The US government is relying more heavily on direct orders with defense contractors to supply Ukraine, as opposed to drawdowns of their own Department of Defense stockpiles that have been thinned out significantly. Moreover, recent reports show equipment deliveries coming out of inventory run the risk of being defective or poorly maintained while sitting in warehouses.

Related ETF: SPDR S&P Aerospace & Defense ETF (XAR)

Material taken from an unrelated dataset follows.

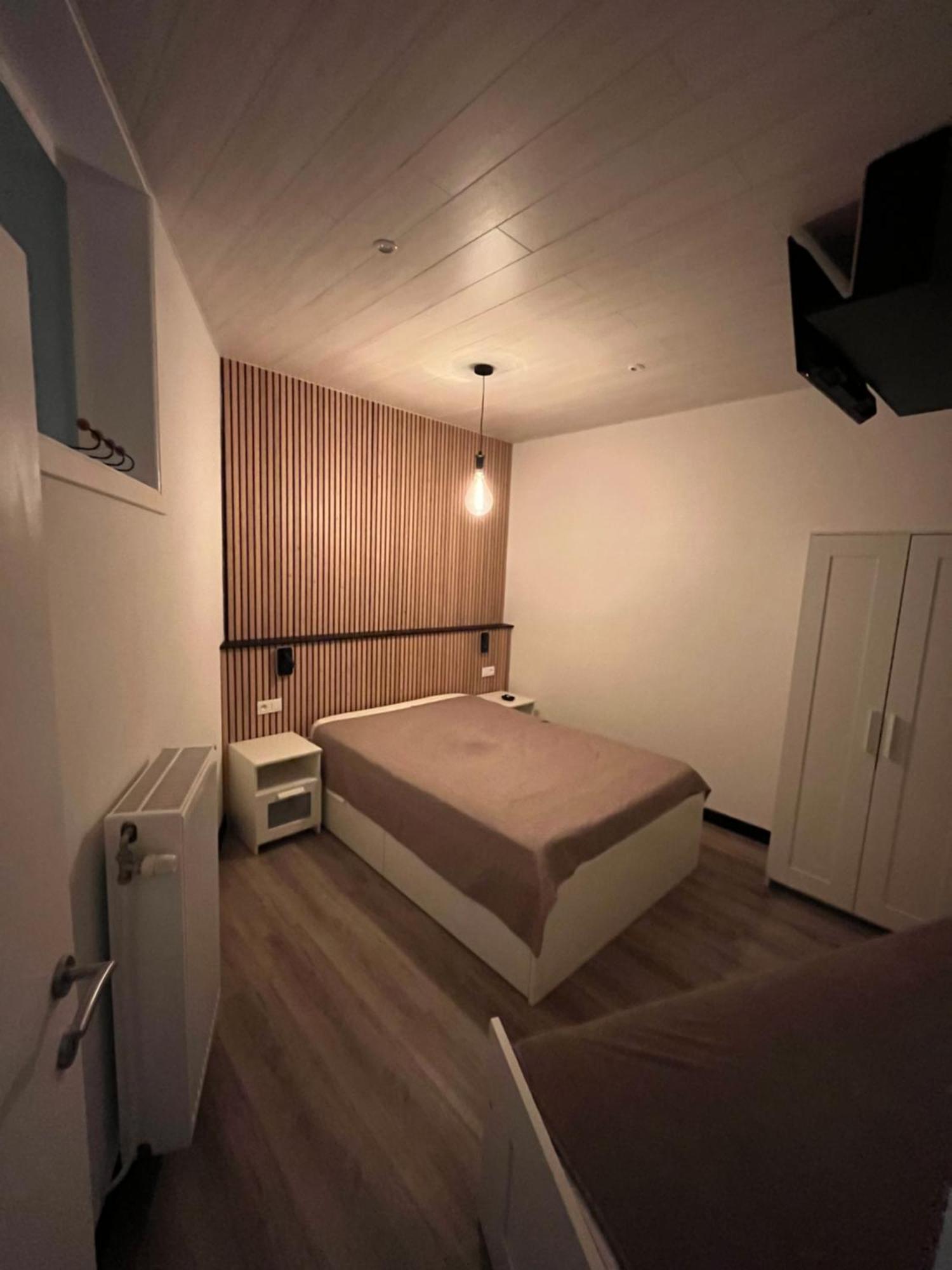 Appartement Le Royal. De Panne Εξωτερικό φωτογραφία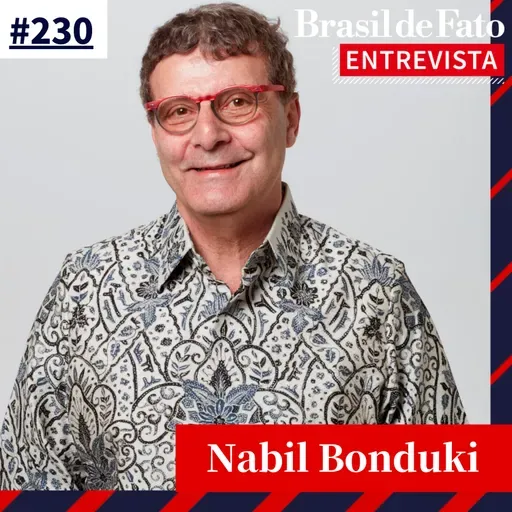 #230 - Nabil Bonduki: Prefeitura de SP se desfaz de quadros técnicos e entrega a gestão para o setor privado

Last week, the Pentagon announced that an accounting error caused it to overestimate the cost of security assistance provided to Ukraine over the past two years, having calculated an error of $3.6 billion in the current fiscal year and $2.6 billion in the 2022 fiscal year. That cut its actual expenditure from more than $40 billion since Russia’s formal invasion of Ukraine on February 24, 2022, to less than $34 billion. That will free up an additional $6.2 billion surplus for future security packages. Though the valuation of the ammunition, vehicles, and other equipment has been drawn down from Department of Defense (DoD) inventories has been adjusted to reflect net book value, as opposed to replacement cost, the drain on its material resources remains just as taxing.

MRP has repeatedly highlighted the ongoing replacement crisis the DoD now faces across various forms of stockpiled equipment, particularly in regard to artillery rounds and missiles, and those issues have spread to allied nations in Europe as well. The US is now relying less on its thinning inventories to supply the Ukrainian armed forces, which are not only dangerously low in some cases, but end up offloading defective or broken-down equipment that may not have been sufficiently maintained while in storage. Billions of dollars in Pentagon orders for new equipment from its contractors will pile on top of $800 million in outstanding arms orders from the Ukrainian government that are still partly or completely unfilled, according to the New York Times. Manufacturers like Lockheed Martin have actively invested in expanding their output of weaponry that is key to the Ukrainian war effort, particularly high-mobility artillery rocket systems (HIMARS) and Javelin anti-armor missiles.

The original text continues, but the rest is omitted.